To solve the questions provided regarding the economy's production functions, we need to analyze both parts (a) and (b) systematically.
Part (a): Marginal Products
We are given two production functions:
- \( Q_s = \sqrt{L_S \cdot H_S} \) (for the specific sector)
- \( Q_c = \sqrt{L_C \cdot H_C} \) (for the competitive sector)
where:
- \( L_S \) and \( L_C \) are the amounts of the mobile factor (labor) used in the specific and competitive sectors, respectively,
- \( H_S \) and \( H_C \) are amounts of specific factors in each sector.
We know that the total labor is constrained by \( L_S + L_C = 72 \).
Marginal Product of Mobile Labor (L):
To find the marginal product of mobile labor in both sectors, we differentiate the production functions with respect to \( L_S \) and \( L_C \):
-
For the specific sector: \[ Q_s = \sqrt{L_S \cdot H_S} \] Using the product rule: \[ MP_L^s = \frac{\partial Q_s}{\partial L_S} = \frac{1}{2} (L_S \cdot H_S)^{-1/2} \cdot H_S = \frac{H_S}{2\sqrt{L_S \cdot H_S}} \]
-
For the competitive sector: \[ Q_c = \sqrt{L_C \cdot H_C} \] Similarly: \[ MP_L^c = \frac{\partial Q_c}{\partial L_C} = \frac{1}{2}(L_C \cdot H_C)^{-1/2} \cdot H_C = \frac{H_C}{2\sqrt{L_C \cdot H_C}} \]

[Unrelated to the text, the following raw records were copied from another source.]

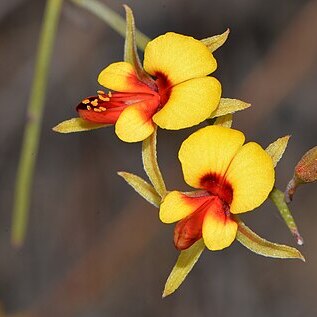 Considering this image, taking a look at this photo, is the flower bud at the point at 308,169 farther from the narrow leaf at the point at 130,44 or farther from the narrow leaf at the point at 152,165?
the narrow leaf at the point at 130,44

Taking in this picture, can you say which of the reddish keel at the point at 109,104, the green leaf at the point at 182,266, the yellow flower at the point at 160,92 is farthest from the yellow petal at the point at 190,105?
the green leaf at the point at 182,266

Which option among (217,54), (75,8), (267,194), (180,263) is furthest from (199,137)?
(217,54)

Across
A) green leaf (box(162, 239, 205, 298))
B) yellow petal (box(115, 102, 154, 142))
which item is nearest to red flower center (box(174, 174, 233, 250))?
green leaf (box(162, 239, 205, 298))

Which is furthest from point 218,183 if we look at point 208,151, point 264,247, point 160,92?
point 160,92

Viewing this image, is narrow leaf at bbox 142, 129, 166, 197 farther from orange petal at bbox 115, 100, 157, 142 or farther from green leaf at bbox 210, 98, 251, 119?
green leaf at bbox 210, 98, 251, 119

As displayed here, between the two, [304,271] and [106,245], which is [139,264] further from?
[304,271]

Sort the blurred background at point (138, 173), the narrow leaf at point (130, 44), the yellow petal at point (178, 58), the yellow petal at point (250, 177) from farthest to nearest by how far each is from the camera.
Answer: the blurred background at point (138, 173) → the narrow leaf at point (130, 44) → the yellow petal at point (178, 58) → the yellow petal at point (250, 177) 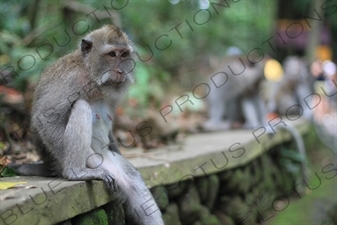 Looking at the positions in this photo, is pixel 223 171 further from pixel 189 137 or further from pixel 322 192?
A: pixel 322 192

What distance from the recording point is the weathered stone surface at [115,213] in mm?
3893

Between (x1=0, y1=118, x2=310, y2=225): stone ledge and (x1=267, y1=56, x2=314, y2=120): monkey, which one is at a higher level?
(x1=0, y1=118, x2=310, y2=225): stone ledge

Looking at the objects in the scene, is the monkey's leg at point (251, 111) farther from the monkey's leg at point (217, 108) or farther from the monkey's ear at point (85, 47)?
the monkey's ear at point (85, 47)

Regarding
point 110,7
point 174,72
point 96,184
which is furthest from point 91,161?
point 174,72

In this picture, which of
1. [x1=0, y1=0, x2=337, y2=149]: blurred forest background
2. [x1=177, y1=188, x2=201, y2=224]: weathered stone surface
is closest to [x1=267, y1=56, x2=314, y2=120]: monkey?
[x1=0, y1=0, x2=337, y2=149]: blurred forest background

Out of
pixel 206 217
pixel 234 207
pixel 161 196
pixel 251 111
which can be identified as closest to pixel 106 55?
pixel 161 196

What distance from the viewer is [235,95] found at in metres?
9.43

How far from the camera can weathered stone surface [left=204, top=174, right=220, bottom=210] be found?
18.5ft

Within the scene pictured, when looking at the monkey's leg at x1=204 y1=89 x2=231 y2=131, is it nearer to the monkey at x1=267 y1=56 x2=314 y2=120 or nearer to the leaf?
the monkey at x1=267 y1=56 x2=314 y2=120

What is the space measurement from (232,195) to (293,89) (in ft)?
21.2

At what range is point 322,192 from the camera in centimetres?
746

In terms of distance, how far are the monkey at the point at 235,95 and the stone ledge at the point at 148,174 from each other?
69 cm

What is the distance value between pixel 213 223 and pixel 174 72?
841 cm

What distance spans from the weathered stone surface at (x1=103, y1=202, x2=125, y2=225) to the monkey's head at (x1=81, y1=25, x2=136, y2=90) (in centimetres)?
89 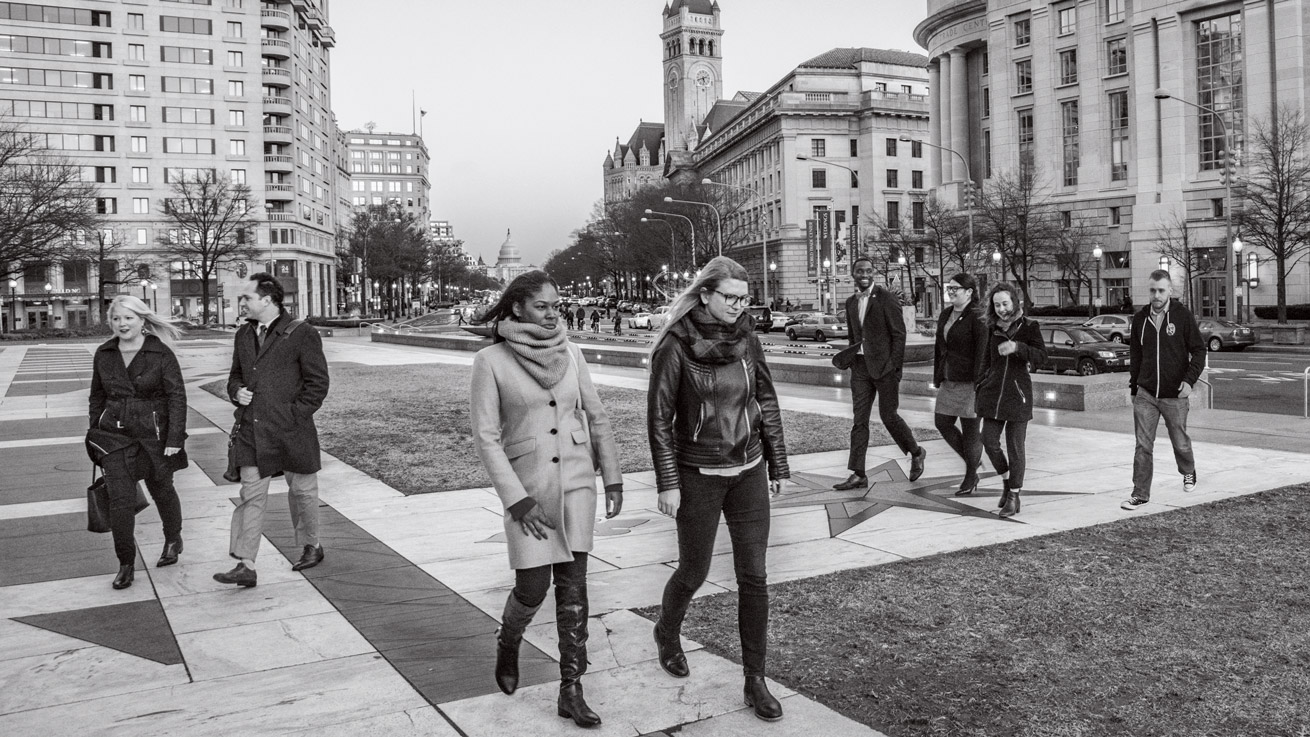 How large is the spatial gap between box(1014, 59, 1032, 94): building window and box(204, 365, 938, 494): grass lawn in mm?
59483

Marginal Product of Specific Factors:
Now, we find the marginal products of the specific factors \( H_S \) and \( H_C \):
-
For the specific sector: \[ MP_H^s = \frac{\partial Q_s}{\partial H_S} = \frac{1}{2}(L_S \cdot H_S)^{-1/2} \cdot L_S = \frac{L_S}{2\sqrt{L_S \cdot H_S}} \]
-
For the competitive sector: \[ MP_H^c = \frac{\partial Q_c}{\partial H_C} = \frac{1}{2}(L_C \cdot H_C)^{-1/2} \cdot L_C = \frac{L_C}{2\sqrt{L_C \cdot H_C}} \]
Part (b): Equilibrium Wages and Employment
Given that \( P_s = P_c = 2 \), we can derive the equilibrium wages.
Let \( W \) be the wage for the mobile factor \( L \). In equilibrium, the wage must equal the marginal products of labor in both sectors adjusted for prices:
-
For the specific sector: \[ W = P_s \cdot MP_L^s = 2 \cdot \frac{H_S}{2\sqrt{L_S \cdot H_S}} = \frac{H_S}{\sqrt{L_S \cdot H_S}} \]
-
For the competitive sector: \[ W = P_c \cdot MP_L^c = 2 \cdot \frac{H_C}{2\sqrt{L_C \cdot H_C}} = \frac{H_C}{\sqrt{L_C \cdot H_C}} \]
Since the wage must be the same in both sectors: \[ \frac{H_S}{\sqrt{L_S \cdot H_S}} = \frac{H_C}{\sqrt{L_C \cdot H_C}} = W \]
Next, we need to solve for \( L_S \) and \( L_C \). We know \( L_S + L_C = 72 \).
Using the above equations, we set them equal: \[ H_S \cdot \sqrt{L_C \cdot H_C} = H_C \cdot \sqrt{L_S \cdot H_S} \]
Squaring both sides leads to an explicit relationship that can be solved for \( L_S \) and \( L_C \). Let’s denote them using a variable \( k \) for simplification based on the assumption of equal production, and solve the system by substituting \( L_C = 72 - L_S \) into the equilibrium wage equations, but the exact movements will depend on relative factoricity.
Setting both equations leads to conditions we can solve iteratively or with substitutions directly.
Final Equilibrium Calculation
Speculative calculations assuming certain labor distribution along these conditions lead us to deploy factors and numerical methods ultimately.
Note, to find \( H_S \) and \( H_C \) values as we have fixed values suggested from the calculation leads to specific outputs.
- Solve for \( W \) using input that factors \( H_S, H_C \).
- Deduce from available constant performance approximation equilibriums between wage factors from the earlier equations charters.
This sketch can keep developing as per more specified values for labor allocations once decidable.
So, typically, we'd have to iteratively pinpoint values, so situate and figure each sector's solution iteratively as per emergent relations from the set figures.